(PROVIDED DATA begins)
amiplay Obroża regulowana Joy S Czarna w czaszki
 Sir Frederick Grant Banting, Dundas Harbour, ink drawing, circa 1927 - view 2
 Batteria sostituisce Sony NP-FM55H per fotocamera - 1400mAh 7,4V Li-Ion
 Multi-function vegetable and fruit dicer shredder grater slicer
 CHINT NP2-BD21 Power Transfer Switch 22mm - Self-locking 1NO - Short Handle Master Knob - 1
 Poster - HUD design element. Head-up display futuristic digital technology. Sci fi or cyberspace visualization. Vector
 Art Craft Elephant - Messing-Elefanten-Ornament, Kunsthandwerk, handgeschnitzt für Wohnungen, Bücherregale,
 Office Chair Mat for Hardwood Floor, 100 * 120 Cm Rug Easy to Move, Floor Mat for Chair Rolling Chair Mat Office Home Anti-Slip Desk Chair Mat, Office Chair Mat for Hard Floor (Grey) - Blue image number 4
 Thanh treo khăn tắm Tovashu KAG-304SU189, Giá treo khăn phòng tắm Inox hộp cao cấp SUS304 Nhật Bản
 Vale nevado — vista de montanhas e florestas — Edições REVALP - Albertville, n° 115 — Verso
(PROVIDED DATA ends)
• _EXERCISE PROMPT_: In the records above, return precisely the line containing "Sir Frederick Grant" and each line that comes after it, up to the final one.

• _ANSWER TO THIS TASK_:
 Sir Frederick Grant Banting, Dundas Harbour, ink drawing, circa 1927 - view 2
 Batteria sostituisce Sony NP-FM55H per fotocamera - 1400mAh 7,4V Li-Ion
 Multi-function vegetable and fruit dicer shredder grater slicer
 CHINT NP2-BD21 Power Transfer Switch 22mm - Self-locking 1NO - Short Handle Master Knob - 1
 Poster - HUD design element. Head-up display futuristic digital technology. Sci fi or cyberspace visualization. Vector
 Art Craft Elephant - Messing-Elefanten-Ornament, Kunsthandwerk, handgeschnitzt für Wohnungen, Bücherregale,
 Office Chair Mat for Hardwood Floor, 100 * 120 Cm Rug Easy to Move, Floor Mat for Chair Rolling Chair Mat Office Home Anti-Slip Desk Chair Mat, Office Chair Mat for Hard Floor (Grey) - Blue image number 4
 Thanh treo khăn tắm Tovashu KAG-304SU189, Giá treo khăn phòng tắm Inox hộp cao cấp SUS304 Nhật Bản
 Vale nevado — vista de montanhas e florestas — Edições REVALP - Albertville, n° 115 — Verso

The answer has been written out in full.